I tried something I had wanted to do for a while. I did a numerical integration of DMI Arctic temperature anomalies (north of 80N) for every year since 1990 (except 2002.) The graph above shows the results.
[youtube=http://www.youtube.com/watch?v=Gm6WgIMFxxc]
Units on the Y-axis are pixels above normal (red) minus pixels below normal (green.) 2002 was excluded because they did something messy with their graphs that year and it was impossible to do a decent count. They shifted everything upwards in 2008, but the scales remained the same.
Results show that 2006 was the warmest year, with an upwards trend starting in 1991, and a downwards trend since 2006. 1990 was also very warm. 2008 was a cold La Niña year.
Based on the trend and the La Niña, I expect 2011 to be a cold year in the high Arctic.
Steve, which software are you using to count the pixels? Which software do you use to make the video?
It is all proprietary software. I founded a startup west of London a few years ago where we wrote this, and it is not yet publicly available. Sorry.
Steve, I question the use of pixel counting in this case as a means of predicting, well, anything.
I immediately thought of this counter-example. Consider a straight line (y = 0) on a graph and a sine wave (y = sin x). The average of the values along each line at each 2pi interval will be 0, but the sine wave will have a great number of “pixels” counted above.
I also wonder why you don’t show the pixels below? They are obviously highlighted on your graph and able to be counted. Following along the lines of the sine wave above, what is below the graph is equally important.
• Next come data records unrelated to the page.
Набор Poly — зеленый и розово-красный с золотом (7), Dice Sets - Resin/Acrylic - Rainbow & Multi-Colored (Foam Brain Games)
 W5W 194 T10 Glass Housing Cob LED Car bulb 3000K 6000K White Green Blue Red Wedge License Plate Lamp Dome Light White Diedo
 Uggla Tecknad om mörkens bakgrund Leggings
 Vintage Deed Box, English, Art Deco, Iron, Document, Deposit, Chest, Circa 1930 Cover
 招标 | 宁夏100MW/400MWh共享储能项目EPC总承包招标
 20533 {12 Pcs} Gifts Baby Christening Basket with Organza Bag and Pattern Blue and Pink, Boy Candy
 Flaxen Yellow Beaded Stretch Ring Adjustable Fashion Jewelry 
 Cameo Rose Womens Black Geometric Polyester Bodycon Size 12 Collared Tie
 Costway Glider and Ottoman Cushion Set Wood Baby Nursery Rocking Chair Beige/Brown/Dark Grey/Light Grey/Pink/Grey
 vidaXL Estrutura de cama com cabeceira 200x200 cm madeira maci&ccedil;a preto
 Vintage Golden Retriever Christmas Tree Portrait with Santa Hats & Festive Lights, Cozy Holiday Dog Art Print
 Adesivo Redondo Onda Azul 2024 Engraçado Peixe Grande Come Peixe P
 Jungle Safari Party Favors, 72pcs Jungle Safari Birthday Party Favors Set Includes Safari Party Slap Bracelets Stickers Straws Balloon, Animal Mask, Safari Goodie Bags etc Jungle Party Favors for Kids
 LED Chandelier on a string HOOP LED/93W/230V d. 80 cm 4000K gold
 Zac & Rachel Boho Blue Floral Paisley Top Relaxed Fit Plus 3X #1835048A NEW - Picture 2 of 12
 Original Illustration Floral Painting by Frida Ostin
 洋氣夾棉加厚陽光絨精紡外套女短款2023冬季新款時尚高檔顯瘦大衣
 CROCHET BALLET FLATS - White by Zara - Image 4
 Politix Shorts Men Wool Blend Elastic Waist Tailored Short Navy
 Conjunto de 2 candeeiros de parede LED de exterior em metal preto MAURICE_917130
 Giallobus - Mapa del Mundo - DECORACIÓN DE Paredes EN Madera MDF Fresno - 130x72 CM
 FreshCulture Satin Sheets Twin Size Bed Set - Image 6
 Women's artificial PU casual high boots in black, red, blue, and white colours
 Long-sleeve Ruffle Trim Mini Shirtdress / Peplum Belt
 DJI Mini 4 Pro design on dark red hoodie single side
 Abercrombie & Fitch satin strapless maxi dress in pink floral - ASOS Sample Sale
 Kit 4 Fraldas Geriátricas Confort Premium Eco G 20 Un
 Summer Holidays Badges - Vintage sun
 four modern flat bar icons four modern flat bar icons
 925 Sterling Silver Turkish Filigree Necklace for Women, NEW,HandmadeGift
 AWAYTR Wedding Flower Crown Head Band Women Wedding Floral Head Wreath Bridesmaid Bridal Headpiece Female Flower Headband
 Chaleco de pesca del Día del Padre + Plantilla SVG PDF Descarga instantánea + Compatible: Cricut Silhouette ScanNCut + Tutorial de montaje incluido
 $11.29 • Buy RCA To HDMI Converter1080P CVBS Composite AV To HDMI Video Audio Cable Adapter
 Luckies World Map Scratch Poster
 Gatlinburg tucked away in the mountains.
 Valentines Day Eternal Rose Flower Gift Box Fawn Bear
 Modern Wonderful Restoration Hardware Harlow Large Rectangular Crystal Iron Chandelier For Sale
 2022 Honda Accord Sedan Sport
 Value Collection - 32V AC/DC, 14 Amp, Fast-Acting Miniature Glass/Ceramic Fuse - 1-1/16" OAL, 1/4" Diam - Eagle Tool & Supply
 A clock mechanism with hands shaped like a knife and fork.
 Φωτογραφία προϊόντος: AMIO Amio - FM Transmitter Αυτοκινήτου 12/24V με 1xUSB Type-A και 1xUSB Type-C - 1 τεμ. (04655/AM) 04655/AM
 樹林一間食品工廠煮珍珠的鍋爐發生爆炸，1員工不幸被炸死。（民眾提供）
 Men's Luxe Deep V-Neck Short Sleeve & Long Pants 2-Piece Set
Consider a year where there are 100 pixels above, and 90 below, or [100, -90]; the avg temp, er, pixels would be +5. Another year, has 1100 pixels above and 1090 pixels below, or [1100, -1090]. Again same average, but considering the pixel amounts of both sides of the line would indicate that the first year showed little deviation from the baseline, whereas the second year had large deviations, above and below, in spite of the end result of them ultimately having the same average.
I guess my question is, why are the pixels below not important, but the ones above warrant their own blog post?
This measurement is pixels above minus pixels below. It is a standard numerical integration technique.